*Material for this exercise*:
Start of Block

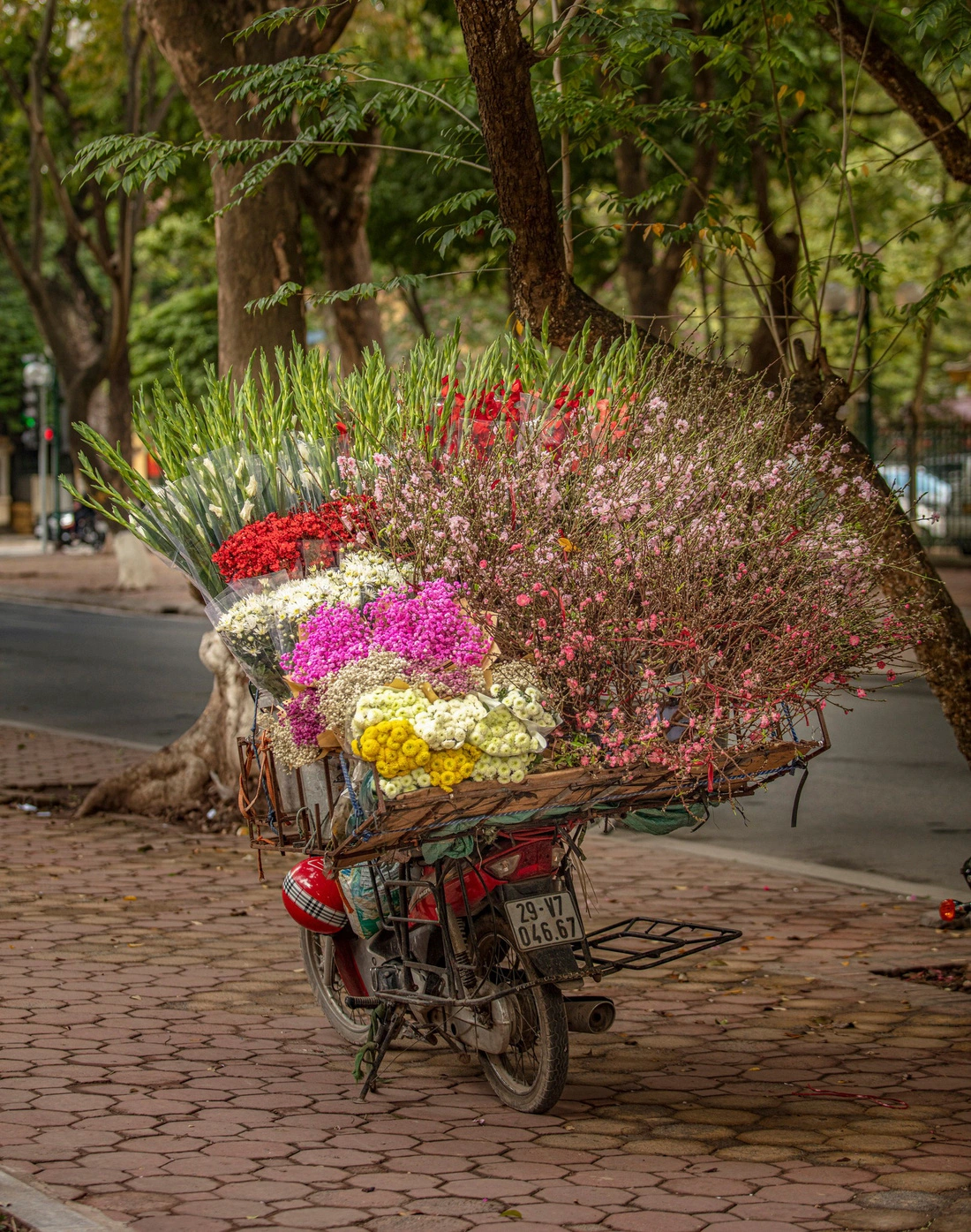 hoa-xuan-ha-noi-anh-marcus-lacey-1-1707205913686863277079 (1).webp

End of Block
Start of Block

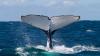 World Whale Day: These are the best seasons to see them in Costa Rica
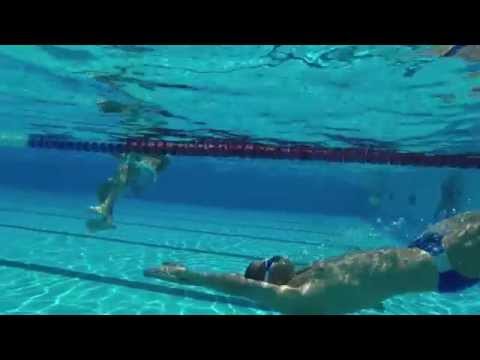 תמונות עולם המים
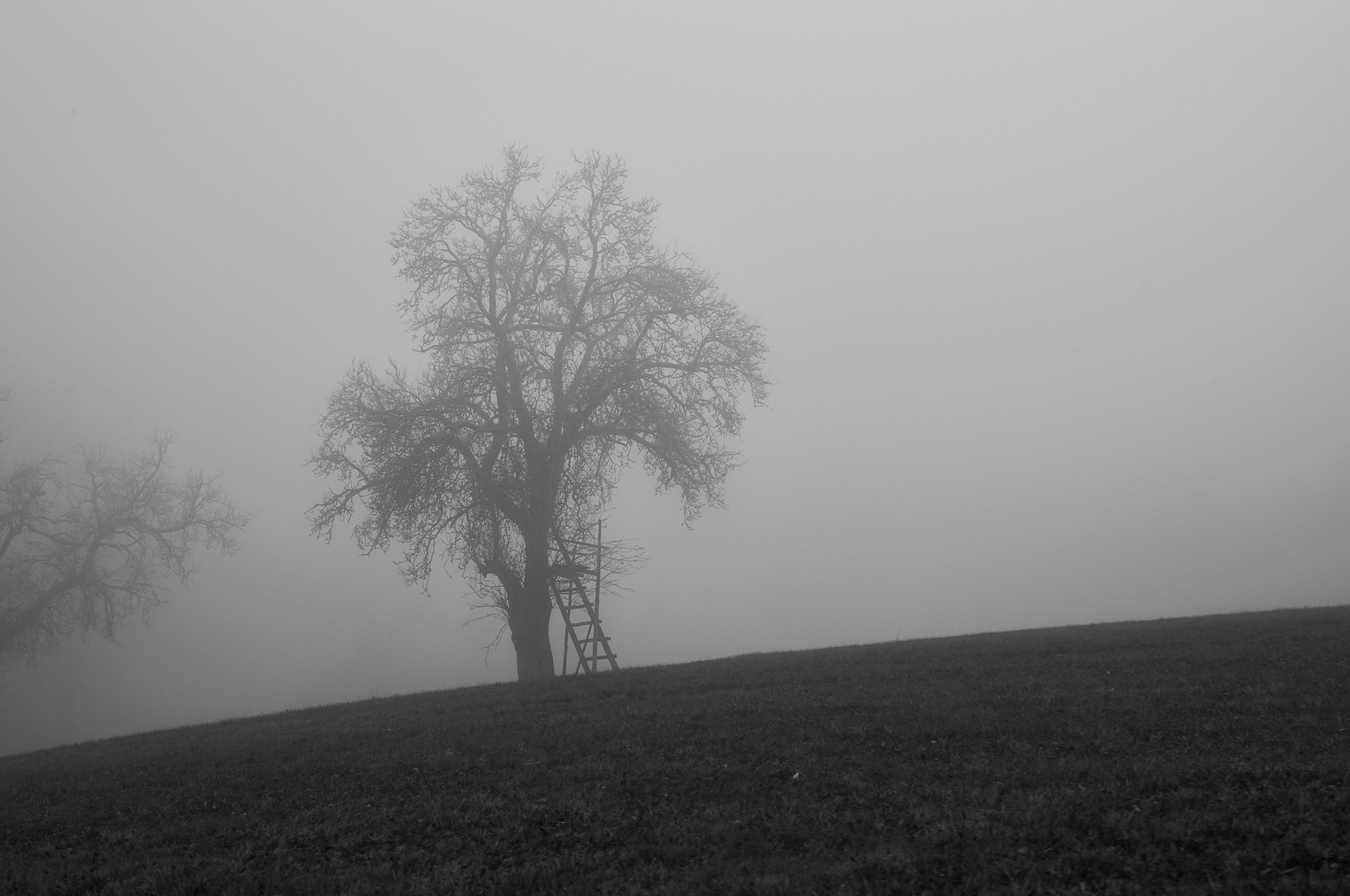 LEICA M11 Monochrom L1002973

End of Block

*What you need to do*:
Please output the lines above beginning at the line with "World Whale Day: These" and ending after the line with "LEICA M11 Monochrom L1002973", precisely as written and with no pictures.

*Task result*:
 World Whale Day: These are the best seasons to see them in Costa Rica
 תמונות עולם המים
 LEICA M11 Monochrom L1002973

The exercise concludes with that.